======== Given information

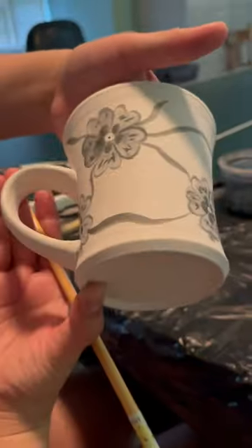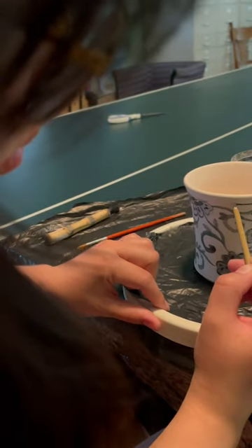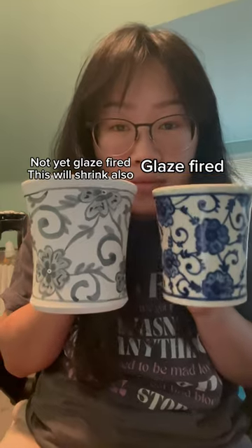I'm painting these pots with cobalt oxide mixed with a little bit of water and a little bit of gum arabic for stickiness. It all goes on gray, but here's what the cobalt looks like fired. I really like the look of blue on white porcelain, so I think these are going to turn out awesome.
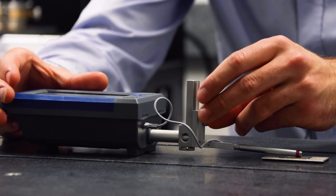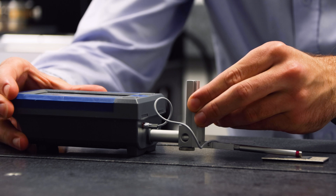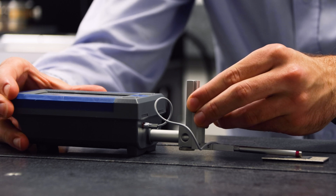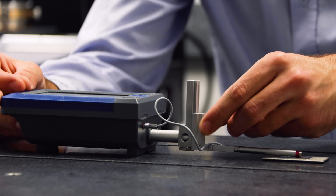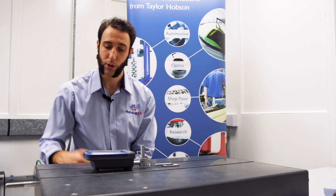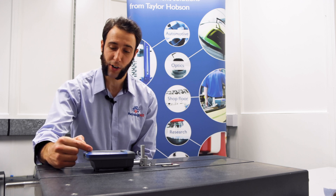We can make contact with the pickup, using the lift lower to adjust the position and get in the centre of the gauge range. When you are happy that you are in the centre of the gauge range, refer to the gauge range indicator.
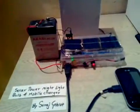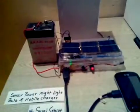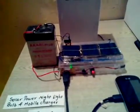Hello, this is my project: a solar-based night light bulb as well as a mobile charger. It consists of 3 solar panels which are connected in series. These solar panels give a maximum of 8 to 9 volts.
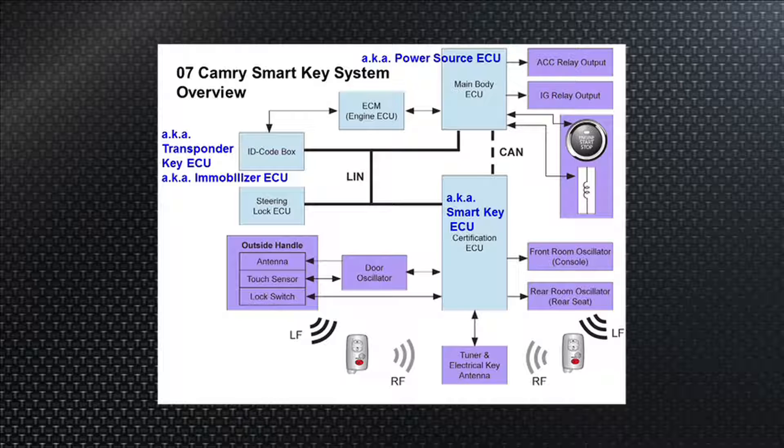Keeping with the submarine analogy, the skipper gets with a higher-end officer — the commander of the boat, the COB as it's known in the submarine world. That is the lock or the ID code box, known in a Prius as the transponder key ECU, or in Tech Stream as the immobilizer ECU. Whatever it's called, it's the commander of the boat — not the commanding officer, but the chief enlisted guy. He's going to have other modules do their thing once he's got the secret code from the captain, who says: ID code box, do your thing.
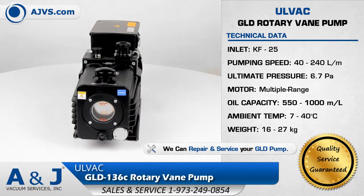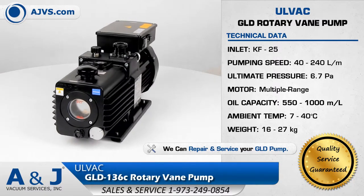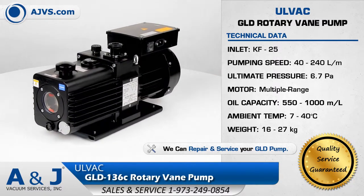The Olvac GLD features an oil backflow prevention mechanism, gas ballast valve, and large-size oil level gauge.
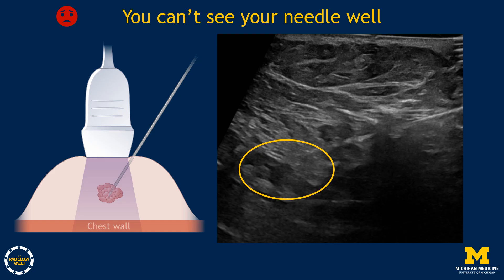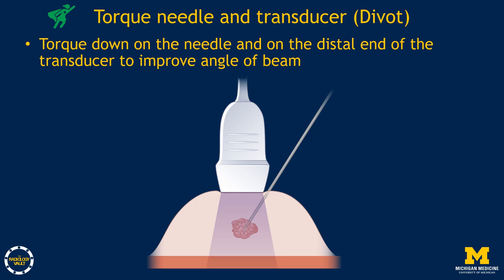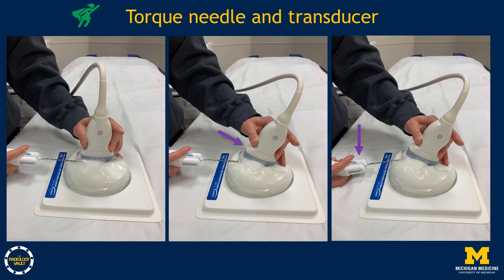The next problem is poor needle visibility, which most often occurs when the angle between needle and transducer is acute with a deep mass. You want the needle as parallel to the transducer as possible. When planning, make the incision as far from the transducer as possible. If that's not feasible, torque the transducer away from you to increase the angle, then torque the needle down to increase it further — this should bring the needle and transducer closer to parallel. These torques create visible divots in the skin, which can also be seen on ultrasound images. These motions are not exaggerated.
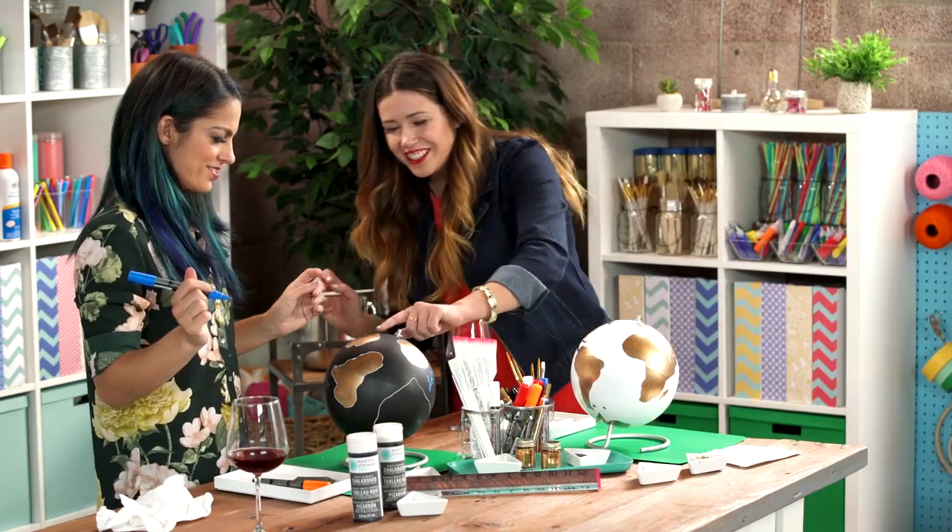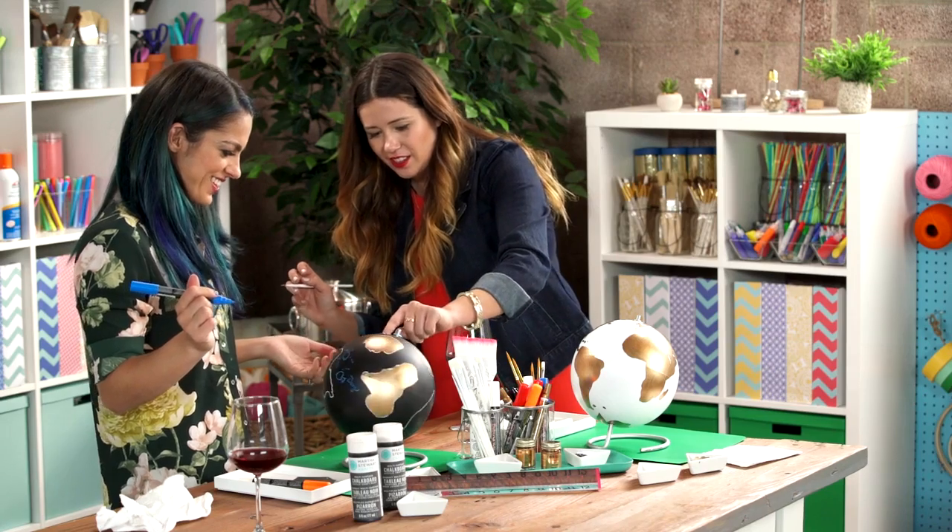I like how that looks — the gold looks great over the chalk. That's good, it looks cool, right? That looks really good.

================

## Directions for this task:
Restate only the lines running from the start of the material above through the line containing "We can make", ends included. No pictures.

## Reply to the exercise:
I'm painting these pots with cobalt oxide mixed with a little bit of water and a little bit of gum arabic for stickiness. It all goes on gray, but here's what the cobalt looks like fired. I really like the look of blue on white porcelain, so I think these are going to turn out awesome.
We can make contact with the pickup, using the lift lower to adjust the position and get in the centre of the gauge range. When you are happy that you are in the centre of the gauge range, refer to the gauge range indicator.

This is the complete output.